Im SO new to this... I don't even have a board yet! Hoping it is in the post.
Anyway, getting ready for it, I am having a play with some code in the emulator, ready for when it turns up. I am a compliant programmer, been programming in C, CB, Java for about 10 years.
But THIS time round, I am trying to use my MAC for programming, rather than my PC. Very brave of me....
I use a PC everyday and I bloody HATE them... Macs are the way to go. ;D
So instead of messing with Bootcamp or Parallels, I thought id use the MAC IDE.
Everything seems to work, but I can't seem to get the include to work
I installed the IDE by just dropping it into the APP folder. And installed the FTDI drivers for Intel Macs in the default location.
I just CAN'T work out where the heck I need to drop the .h files for including!
There are no "hardware" or "libraries" folders on my Mac.
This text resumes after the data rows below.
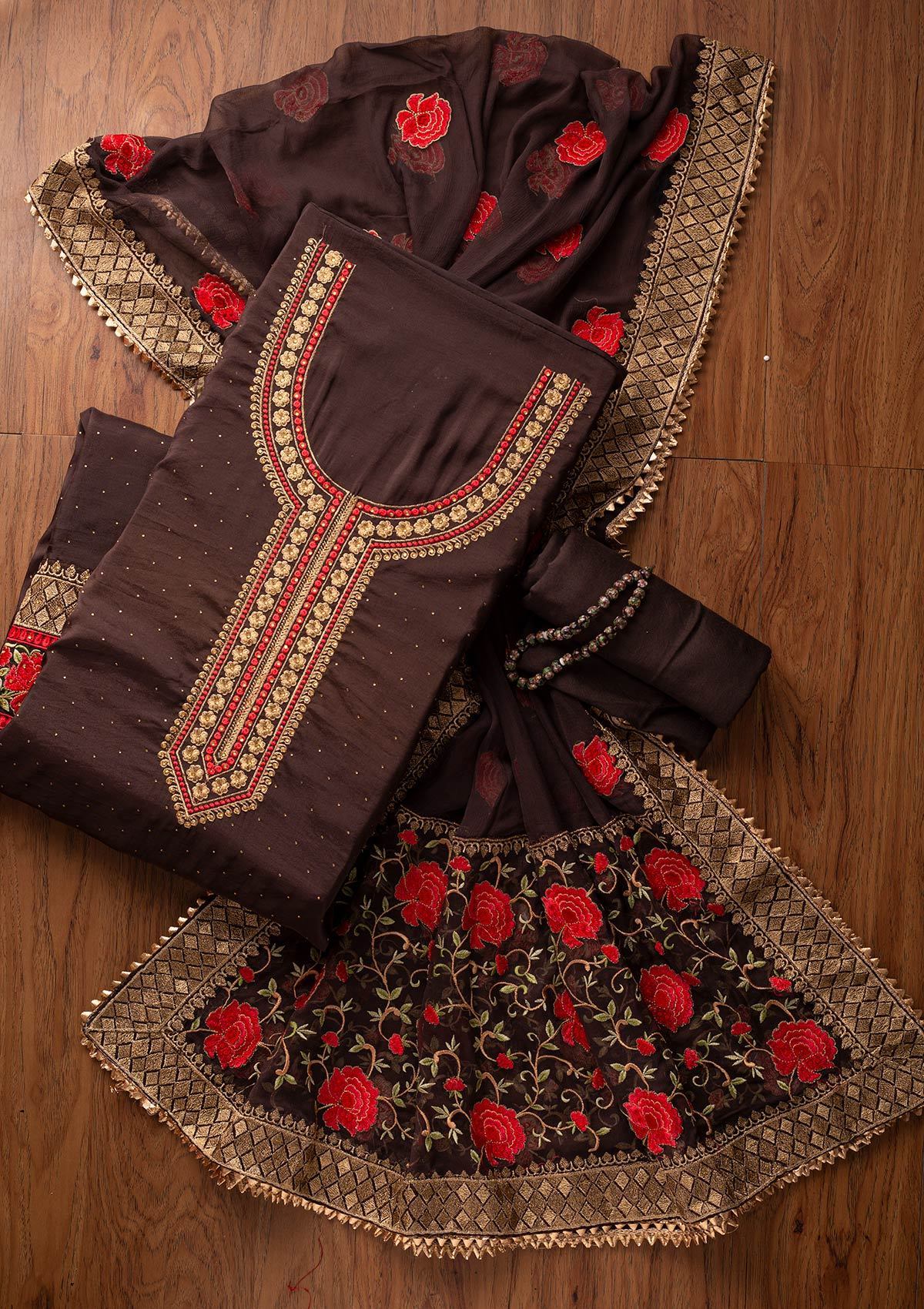 Brown Stonework Satin Designer Unstitched Salwar Suit - koskii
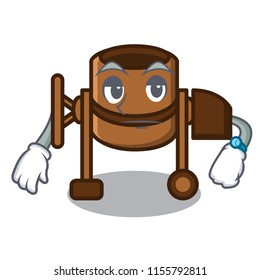 Waiting concrete mixer mascot cartoon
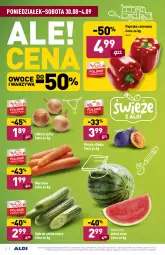 Gazetka promocyjna Aldi - Gazetka - ważna od 04.09 do 04.09.2021 - strona 2 - produkty: Cebula, Warzywa, Papryka czerwona, Papryka, Ogórek, Owoce, Arbuz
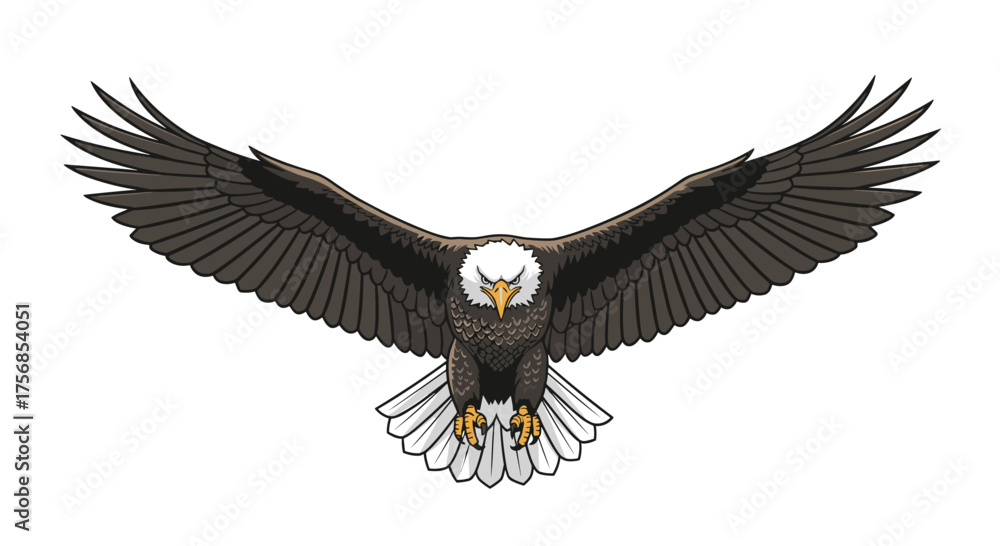 Fototapeta premium The majestic bald eagle soars through the sky with its wings spread wide.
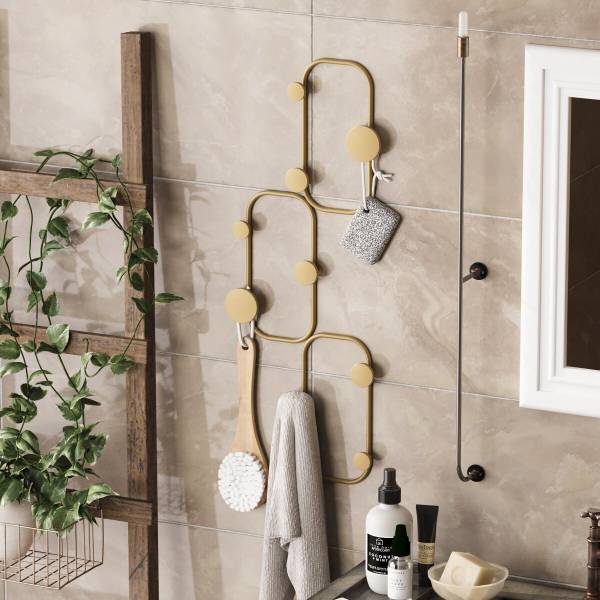 Wandgarderobe LIZZARD Gold - Metall - 5 x 70 x 28 cm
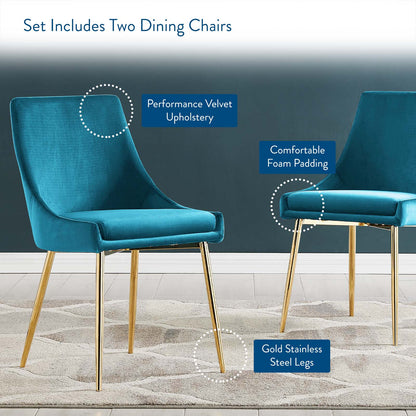 Viscount Performance Velvet Dining Chairs - Set of 2, Velvet, Metal Steel, Gold Blue, 18519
OK I am a Mac user but I am at work and we have PC here. I can't quite remember because I don't use libraries much but.
Inside the Arduino folder that is created in documents there is a folder called library you are supposed to put them in there.
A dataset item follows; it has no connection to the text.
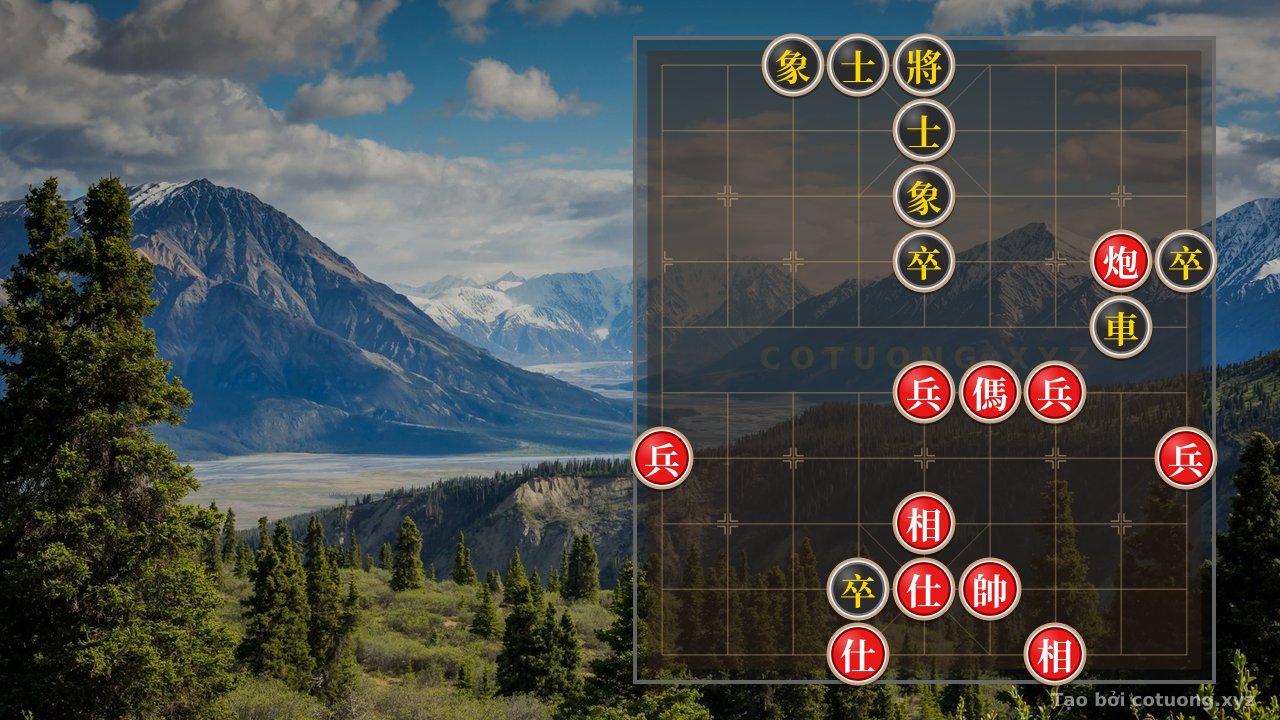 Thế cờ: Xiangqi Position: Red Cannon at 2 Shoots Black Pawn at 5 - Classic Counterattack Tactics — Cờ Tướng Online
However you can also sneak them in inside the application. Select it and chose the "show package contents" option. There you can navigate down to a folder called hardware that contains the standard "built in " library files. You can also put them in there but you are not "supposed" to.
on a windows install if you put a .h file in the same folder as the .pde for the sketch it will show up as a tab in the ide and you can #include it. I don't see the mac being different.
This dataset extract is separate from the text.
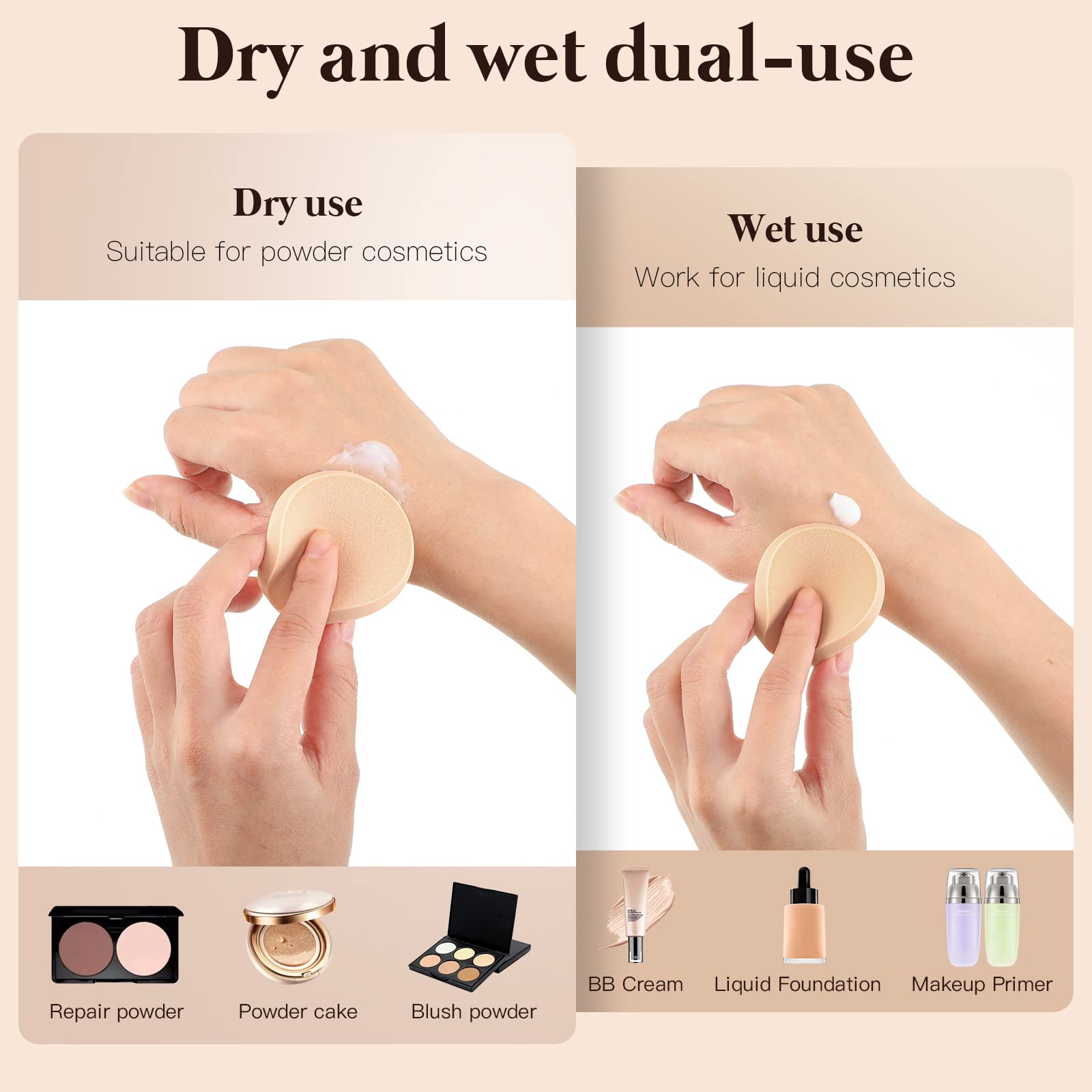 100 Esponjas de Maquillaje Redondas Esponjas Cosméticas Soplos de Polvo Compactos de Imprimación Redonda con Estuche Transparente Esponjas Aplicadoras de Maquillaje para Base de Maquillaje Cosméticos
In version 0017, the hardware directory is getting buried underneath stuff in
.../Arduino17.app/Contents/Resources/Java/hardware/
and libraries is just below that in
.../Arduino17.app/Contents/Resources/Java/hardware/libraries
(I dunno why. Sure makes it hard to get to. Sure, they're "resources", but they're essentially shared resources with user level apps, and source code, and such, and they shouldn't be hidden "inside" the app like this.) 0017 started putting the tmp directory for object files (when you "verify" rather than "upload") in weird places too. Probably a consequence of keeping up with "Processing."
That said, which .h files are you talking about? The ones needed by the normal Arduino environment, or for that matter by the surrounding avr-gcc environment, are in appropriate places and get found via explicit search paths specified when the arduino IDE runs the compiler, and "personal" .h files should usually go in the folder with the .pde file...
The message says that A does not define a type in screenUpdate, so you show a screenshot that just shows the first 3 lines of the function, and you'd like for us to guess at the cause of the problem.